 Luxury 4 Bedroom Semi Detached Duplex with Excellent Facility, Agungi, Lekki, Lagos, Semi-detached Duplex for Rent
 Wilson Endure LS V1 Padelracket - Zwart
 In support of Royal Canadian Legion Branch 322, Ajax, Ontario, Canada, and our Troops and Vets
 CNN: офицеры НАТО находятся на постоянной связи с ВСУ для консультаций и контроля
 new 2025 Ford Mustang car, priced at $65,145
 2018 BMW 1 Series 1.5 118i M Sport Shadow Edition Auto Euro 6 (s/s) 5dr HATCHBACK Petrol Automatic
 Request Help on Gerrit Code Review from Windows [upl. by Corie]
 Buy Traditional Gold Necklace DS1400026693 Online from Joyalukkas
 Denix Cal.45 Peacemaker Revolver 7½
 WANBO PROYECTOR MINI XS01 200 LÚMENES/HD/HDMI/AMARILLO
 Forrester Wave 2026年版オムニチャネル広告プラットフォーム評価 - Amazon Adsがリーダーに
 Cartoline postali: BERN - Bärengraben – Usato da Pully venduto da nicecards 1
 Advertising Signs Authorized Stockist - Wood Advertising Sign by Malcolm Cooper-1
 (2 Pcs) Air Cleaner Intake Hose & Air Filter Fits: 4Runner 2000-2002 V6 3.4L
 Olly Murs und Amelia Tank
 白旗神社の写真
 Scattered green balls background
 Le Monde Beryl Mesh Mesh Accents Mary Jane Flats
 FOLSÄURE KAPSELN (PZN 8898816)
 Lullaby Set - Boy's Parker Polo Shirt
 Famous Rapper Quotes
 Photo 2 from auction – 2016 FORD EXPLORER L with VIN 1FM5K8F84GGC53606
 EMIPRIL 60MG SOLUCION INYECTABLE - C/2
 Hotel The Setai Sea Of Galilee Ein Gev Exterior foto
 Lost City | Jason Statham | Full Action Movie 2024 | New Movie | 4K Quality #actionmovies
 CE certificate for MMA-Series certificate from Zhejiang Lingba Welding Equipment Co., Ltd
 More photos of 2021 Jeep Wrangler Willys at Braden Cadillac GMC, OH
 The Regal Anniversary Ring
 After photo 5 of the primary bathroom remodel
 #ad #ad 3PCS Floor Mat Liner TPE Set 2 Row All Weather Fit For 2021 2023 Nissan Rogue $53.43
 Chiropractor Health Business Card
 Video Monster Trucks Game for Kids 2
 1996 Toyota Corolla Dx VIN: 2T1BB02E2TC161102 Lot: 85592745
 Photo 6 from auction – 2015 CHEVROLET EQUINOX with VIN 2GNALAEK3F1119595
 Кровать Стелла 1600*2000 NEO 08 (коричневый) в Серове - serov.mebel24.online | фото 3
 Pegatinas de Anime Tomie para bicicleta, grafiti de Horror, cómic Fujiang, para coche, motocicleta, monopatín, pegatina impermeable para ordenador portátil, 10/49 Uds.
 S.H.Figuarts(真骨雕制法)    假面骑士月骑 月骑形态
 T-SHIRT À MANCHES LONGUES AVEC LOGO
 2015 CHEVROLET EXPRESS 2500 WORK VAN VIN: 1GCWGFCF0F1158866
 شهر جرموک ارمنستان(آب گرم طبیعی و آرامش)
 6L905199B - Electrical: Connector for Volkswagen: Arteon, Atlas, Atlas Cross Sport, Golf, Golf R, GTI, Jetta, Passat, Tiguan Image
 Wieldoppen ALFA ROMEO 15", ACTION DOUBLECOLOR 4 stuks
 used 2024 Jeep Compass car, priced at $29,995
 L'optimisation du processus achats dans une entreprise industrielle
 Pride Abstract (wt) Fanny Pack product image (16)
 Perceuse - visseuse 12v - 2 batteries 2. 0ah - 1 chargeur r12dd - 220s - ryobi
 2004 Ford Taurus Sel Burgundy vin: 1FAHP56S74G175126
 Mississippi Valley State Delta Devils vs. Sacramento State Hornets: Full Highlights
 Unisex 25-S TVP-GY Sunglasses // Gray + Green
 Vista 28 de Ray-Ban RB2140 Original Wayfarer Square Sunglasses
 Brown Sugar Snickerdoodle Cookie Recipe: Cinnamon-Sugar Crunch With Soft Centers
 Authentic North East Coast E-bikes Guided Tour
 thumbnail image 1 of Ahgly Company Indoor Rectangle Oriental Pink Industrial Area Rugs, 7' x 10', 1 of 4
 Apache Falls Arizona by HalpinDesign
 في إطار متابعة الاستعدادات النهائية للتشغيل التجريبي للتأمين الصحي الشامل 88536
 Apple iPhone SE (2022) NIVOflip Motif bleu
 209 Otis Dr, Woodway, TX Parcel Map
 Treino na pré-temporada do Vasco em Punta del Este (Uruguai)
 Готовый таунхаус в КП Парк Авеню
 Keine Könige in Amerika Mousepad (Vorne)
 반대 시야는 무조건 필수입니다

◇ ◇ ◇ ◇ ◇

■ **ASSIGNED TASK**
A line counts if it holds the word "Sport". Work out how many lines in the listing count, and give only that number.

■ **OUTPUT FOR THIS TASK**
2